# Shop remodel



## Gottagofishin (Dec 17, 2005)

After finally getting my shop last Spring, and living with it and thinking about it for about 10 months... I decided on a layout. I've spend the last month working on it as time allows.

It's not quite done but is finally usable. The projects include...


Improved wood storage (not on the floor)
4x8 workbench/table saw outfeed table, with router insert and storage
Shelves with power tool storage.
i

I still need to finish the insert for the router table which will have dust collection and storage for bits and tools, build a fixed base for the table saw with improved dust collection, and build a permanent router station.

However, it has turned out pretty good. It is much more usable that the old setup.


----------



## 3192 (Dec 30, 2004)

Wow!! GGF...that is fantastic! You are going to love that long outfeed table/worktable. Congrats! gb


----------



## MT Stringer (May 21, 2004)

That shop looks great! I wish I had that much room.


----------



## Gottagofishin (Dec 17, 2005)

You never have enough room. Btw... I meant to say permanent miter saw station, not permanent router station.


----------



## Pocketfisherman (May 30, 2005)

Nice! I really like that lower shelf with the adjustable vertical partitions. Great idea.


----------



## Gottagofishin (Dec 17, 2005)

I got the idea for the vertical partitions from Ron Paulk's mobile workshop.


----------



## MT Stringer (May 21, 2004)

Those vertical partitions look like some I built for my cabinets. Ron might have been my inspiration also. They work great.


----------



## kneekap (Nov 13, 2012)

I envy anyone that has that much room to spread out. You will most likely do some re-locating of tools once you begin to use that shop.

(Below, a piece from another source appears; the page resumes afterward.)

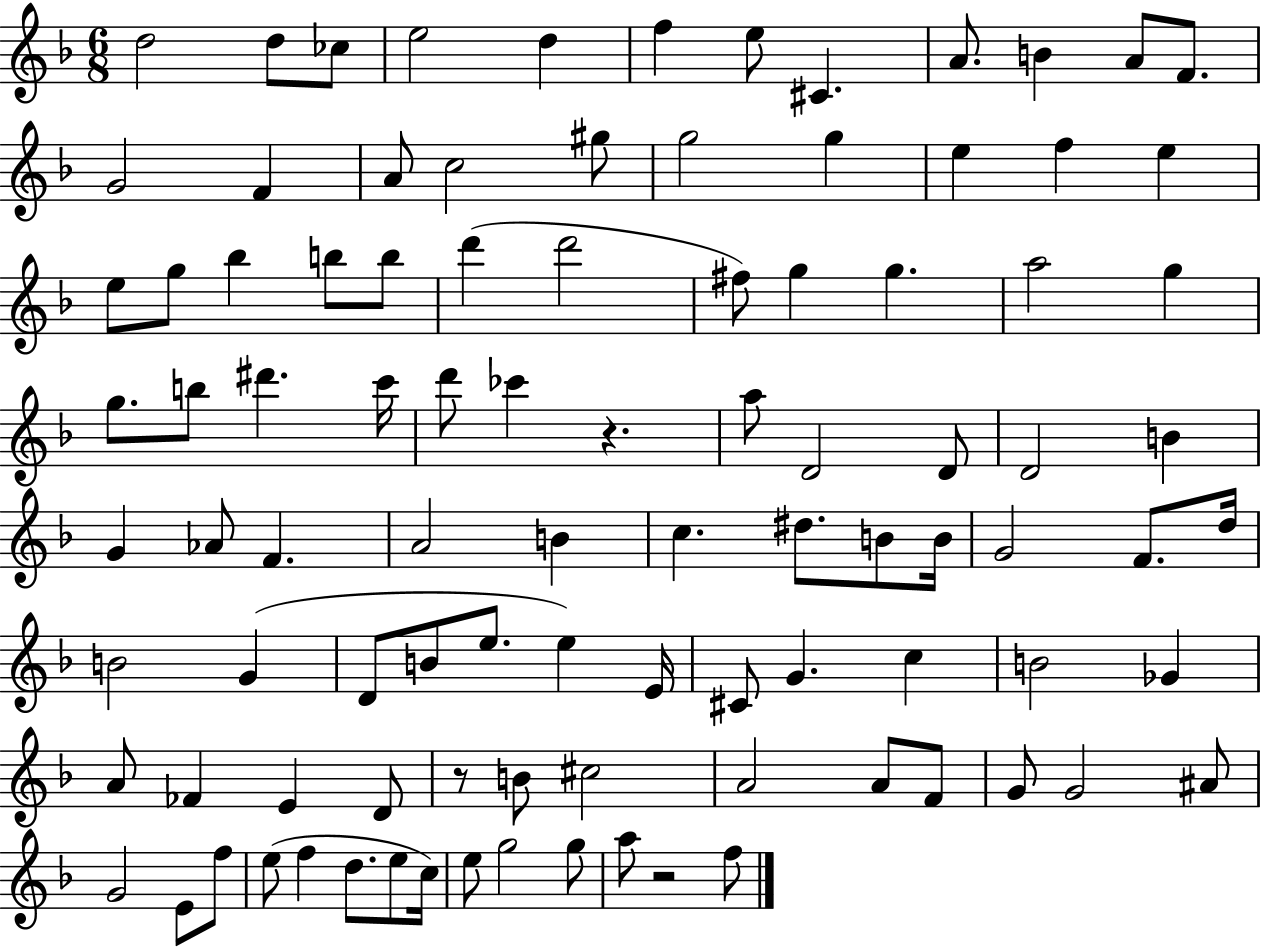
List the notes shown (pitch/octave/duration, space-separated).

D5/h D5/e CES5/e E5/h D5/q F5/q E5/e C#4/q. A4/e. B4/q A4/e F4/e. G4/h F4/q A4/e C5/h G#5/e G5/h G5/q E5/q F5/q E5/q E5/e G5/e Bb5/q B5/e B5/e D6/q D6/h F#5/e G5/q G5/q. A5/h G5/q G5/e. B5/e D#6/q. C6/s D6/e CES6/q R/q. A5/e D4/h D4/e D4/h B4/q G4/q Ab4/e F4/q. A4/h B4/q C5/q. D#5/e. B4/e B4/s G4/h F4/e. D5/s B4/h G4/q D4/e B4/e E5/e. E5/q E4/s C#4/e G4/q. C5/q B4/h Gb4/q A4/e FES4/q E4/q D4/e R/e B4/e C#5/h A4/h A4/e F4/e G4/e G4/h A#4/e G4/h E4/e F5/e E5/e F5/q D5/e. E5/e C5/s E5/e G5/h G5/e A5/e R/h F5/e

I placed some old conveyer belts in front of my power tool stations to help
the old feet while standing for hours.

Time to make some saw dust.


----------



## FISHROADIE (Apr 2, 2010)

Very nice shop good job.


----------



## Law Dog (Jul 27, 2010)

Nice Shop, great Job!


----------



## finkikin (Jul 8, 2011)

Sweet shop!


----------



## Whiz (May 19, 2008)

Very nice, can't wait to move to a location where I can have a shop.


----------